Look through the records below for the line with "Try Happiness Demo Font Character" and the line with "Set da Bistrot", then return those lines and all lines between, exactly.

(Stored data)

━━━━━━━━━━

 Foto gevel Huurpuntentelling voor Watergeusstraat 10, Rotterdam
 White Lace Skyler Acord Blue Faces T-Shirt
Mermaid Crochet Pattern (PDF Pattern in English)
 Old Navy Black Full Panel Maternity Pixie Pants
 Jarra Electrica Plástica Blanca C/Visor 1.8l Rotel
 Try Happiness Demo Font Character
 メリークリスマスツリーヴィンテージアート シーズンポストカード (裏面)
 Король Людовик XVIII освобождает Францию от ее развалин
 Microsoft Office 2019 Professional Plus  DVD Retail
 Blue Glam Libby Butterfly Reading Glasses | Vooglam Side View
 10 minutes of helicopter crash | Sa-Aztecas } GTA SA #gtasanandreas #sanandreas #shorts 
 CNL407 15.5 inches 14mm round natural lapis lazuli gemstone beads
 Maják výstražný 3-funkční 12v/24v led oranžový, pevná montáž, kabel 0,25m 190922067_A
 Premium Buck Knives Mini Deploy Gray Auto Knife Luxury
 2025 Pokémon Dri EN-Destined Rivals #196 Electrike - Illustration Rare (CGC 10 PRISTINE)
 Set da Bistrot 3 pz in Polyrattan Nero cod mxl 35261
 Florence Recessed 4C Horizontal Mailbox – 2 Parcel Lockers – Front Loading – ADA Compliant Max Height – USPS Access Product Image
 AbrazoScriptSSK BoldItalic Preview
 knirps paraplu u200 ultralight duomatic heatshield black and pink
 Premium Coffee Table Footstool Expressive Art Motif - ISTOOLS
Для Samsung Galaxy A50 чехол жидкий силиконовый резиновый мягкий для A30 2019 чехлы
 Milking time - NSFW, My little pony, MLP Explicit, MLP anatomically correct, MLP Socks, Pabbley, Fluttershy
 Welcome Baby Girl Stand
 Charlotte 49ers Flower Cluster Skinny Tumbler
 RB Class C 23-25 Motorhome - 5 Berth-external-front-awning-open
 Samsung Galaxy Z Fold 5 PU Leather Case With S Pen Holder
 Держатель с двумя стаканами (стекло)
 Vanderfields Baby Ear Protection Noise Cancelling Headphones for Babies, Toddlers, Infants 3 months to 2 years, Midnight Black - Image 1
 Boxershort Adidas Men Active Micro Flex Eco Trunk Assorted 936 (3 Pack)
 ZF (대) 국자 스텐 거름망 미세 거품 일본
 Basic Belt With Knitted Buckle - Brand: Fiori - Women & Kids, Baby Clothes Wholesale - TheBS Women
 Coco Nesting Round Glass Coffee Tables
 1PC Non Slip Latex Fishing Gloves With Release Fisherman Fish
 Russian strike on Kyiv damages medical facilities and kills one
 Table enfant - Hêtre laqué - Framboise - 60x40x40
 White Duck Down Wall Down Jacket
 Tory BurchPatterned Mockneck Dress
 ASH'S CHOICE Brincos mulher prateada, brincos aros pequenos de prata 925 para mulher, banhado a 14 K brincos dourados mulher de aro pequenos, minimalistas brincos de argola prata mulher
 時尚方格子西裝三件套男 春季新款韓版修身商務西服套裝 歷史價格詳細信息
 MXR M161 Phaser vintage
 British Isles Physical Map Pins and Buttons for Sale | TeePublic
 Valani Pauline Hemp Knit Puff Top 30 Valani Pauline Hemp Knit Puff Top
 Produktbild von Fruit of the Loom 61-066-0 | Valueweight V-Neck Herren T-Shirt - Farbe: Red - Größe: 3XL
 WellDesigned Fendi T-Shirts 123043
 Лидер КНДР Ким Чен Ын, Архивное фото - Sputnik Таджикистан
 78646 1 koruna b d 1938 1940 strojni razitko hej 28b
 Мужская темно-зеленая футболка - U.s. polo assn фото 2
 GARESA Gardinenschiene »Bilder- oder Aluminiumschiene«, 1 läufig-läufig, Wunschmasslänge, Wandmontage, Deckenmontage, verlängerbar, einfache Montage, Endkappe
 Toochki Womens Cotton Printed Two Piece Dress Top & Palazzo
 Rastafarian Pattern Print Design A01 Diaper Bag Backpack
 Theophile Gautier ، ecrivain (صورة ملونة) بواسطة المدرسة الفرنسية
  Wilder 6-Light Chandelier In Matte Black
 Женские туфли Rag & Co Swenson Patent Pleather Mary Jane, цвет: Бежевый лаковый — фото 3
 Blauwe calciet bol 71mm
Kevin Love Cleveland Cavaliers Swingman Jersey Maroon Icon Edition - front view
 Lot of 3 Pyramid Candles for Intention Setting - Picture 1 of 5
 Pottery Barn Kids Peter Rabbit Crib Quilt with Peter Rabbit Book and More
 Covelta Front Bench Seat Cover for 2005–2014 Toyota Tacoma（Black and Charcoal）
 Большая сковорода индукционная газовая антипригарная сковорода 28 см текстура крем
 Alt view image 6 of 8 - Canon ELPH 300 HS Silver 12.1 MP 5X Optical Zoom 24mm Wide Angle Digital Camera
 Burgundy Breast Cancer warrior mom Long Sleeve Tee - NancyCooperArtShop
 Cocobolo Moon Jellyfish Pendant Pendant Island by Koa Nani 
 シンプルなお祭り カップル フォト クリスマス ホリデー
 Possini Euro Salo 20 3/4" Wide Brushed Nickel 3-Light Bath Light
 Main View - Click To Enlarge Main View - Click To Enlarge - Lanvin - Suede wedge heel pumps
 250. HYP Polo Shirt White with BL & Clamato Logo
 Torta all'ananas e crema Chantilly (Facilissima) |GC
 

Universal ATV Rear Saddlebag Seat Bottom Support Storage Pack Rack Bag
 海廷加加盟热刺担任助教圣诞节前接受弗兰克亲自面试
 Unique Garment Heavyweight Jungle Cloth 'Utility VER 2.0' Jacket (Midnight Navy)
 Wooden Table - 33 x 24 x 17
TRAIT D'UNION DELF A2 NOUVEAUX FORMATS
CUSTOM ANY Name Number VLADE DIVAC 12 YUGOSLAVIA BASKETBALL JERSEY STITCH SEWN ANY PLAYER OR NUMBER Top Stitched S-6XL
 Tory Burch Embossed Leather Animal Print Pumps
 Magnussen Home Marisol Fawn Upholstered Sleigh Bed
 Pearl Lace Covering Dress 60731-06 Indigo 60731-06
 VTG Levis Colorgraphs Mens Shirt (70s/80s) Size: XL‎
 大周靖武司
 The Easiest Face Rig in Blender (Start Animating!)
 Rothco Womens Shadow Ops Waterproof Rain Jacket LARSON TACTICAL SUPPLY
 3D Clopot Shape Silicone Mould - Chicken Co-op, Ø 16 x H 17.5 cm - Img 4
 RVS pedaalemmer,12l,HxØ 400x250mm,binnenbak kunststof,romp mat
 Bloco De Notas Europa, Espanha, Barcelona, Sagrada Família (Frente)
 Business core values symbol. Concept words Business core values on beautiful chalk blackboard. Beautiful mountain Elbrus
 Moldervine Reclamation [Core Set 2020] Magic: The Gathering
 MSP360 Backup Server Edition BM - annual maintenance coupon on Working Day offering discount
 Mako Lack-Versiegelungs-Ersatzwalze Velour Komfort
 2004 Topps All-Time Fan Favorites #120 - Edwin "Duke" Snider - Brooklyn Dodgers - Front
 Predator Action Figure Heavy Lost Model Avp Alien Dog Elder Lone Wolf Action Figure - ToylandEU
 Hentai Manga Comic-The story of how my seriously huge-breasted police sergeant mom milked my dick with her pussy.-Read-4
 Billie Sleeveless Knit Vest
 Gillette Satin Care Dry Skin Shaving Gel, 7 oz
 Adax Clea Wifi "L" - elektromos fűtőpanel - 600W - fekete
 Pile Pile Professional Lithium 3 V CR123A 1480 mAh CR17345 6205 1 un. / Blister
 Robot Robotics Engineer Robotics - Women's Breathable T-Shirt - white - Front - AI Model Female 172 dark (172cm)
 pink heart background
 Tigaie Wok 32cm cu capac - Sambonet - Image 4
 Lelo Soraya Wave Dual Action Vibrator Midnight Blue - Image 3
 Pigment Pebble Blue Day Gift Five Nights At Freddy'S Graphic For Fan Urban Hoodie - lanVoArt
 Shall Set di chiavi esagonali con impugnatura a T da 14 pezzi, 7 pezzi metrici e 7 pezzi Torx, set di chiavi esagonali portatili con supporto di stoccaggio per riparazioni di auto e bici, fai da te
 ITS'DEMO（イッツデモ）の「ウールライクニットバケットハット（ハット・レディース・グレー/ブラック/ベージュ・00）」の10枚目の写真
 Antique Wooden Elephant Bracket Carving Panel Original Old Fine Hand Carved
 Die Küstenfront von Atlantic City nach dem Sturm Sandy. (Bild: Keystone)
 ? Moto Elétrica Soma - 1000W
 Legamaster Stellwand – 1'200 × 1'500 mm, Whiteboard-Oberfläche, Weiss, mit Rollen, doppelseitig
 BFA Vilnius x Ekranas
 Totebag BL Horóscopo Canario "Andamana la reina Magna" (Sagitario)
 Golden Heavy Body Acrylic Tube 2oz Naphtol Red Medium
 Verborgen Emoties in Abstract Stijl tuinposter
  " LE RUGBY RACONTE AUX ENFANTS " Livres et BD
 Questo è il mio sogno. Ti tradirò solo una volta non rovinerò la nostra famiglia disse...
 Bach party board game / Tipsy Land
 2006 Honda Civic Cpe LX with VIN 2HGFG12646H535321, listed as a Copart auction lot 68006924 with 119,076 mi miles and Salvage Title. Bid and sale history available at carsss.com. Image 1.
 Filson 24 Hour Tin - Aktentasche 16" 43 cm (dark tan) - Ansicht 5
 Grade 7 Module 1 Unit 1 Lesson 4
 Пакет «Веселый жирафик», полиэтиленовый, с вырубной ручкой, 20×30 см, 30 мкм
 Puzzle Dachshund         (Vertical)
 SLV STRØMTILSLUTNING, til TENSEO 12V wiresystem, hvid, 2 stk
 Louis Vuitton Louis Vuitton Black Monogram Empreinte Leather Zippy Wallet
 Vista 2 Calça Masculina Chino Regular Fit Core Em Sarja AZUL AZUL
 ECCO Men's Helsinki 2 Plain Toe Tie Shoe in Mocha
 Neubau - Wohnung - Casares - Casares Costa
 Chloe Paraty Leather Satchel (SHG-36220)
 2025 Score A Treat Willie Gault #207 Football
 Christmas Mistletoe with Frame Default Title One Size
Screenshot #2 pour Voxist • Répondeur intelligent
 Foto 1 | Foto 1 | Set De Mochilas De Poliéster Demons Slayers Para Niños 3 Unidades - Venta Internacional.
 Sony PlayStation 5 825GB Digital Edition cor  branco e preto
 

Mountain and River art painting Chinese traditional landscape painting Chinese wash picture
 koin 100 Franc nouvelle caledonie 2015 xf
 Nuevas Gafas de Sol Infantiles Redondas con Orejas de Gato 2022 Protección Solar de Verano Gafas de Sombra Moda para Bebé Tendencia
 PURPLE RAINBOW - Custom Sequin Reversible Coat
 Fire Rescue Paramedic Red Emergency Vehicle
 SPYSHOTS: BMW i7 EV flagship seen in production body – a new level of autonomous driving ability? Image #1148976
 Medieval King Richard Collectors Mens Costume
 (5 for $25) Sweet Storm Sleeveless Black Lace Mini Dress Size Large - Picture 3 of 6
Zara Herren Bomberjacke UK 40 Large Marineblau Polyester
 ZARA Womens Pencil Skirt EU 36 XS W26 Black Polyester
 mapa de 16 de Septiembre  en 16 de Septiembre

━━━━━━━━━━

- [Solution]:
 Try Happiness Demo Font Character
 メリークリスマスツリーヴィンテージアート シーズンポストカード (裏面)
 Король Людовик XVIII освобождает Францию от ее развалин
 Microsoft Office 2019 Professional Plus  DVD Retail
 Blue Glam Libby Butterfly Reading Glasses | Vooglam Side View
 10 minutes of helicopter crash | Sa-Aztecas } GTA SA #gtasanandreas #sanandreas #shorts 
 CNL407 15.5 inches 14mm round natural lapis lazuli gemstone beads
 Maják výstražný 3-funkční 12v/24v led oranžový, pevná montáž, kabel 0,25m 190922067_A
 Premium Buck Knives Mini Deploy Gray Auto Knife Luxury
 2025 Pokémon Dri EN-Destined Rivals #196 Electrike - Illustration Rare (CGC 10 PRISTINE)
 Set da Bistrot 3 pz in Polyrattan Nero cod mxl 35261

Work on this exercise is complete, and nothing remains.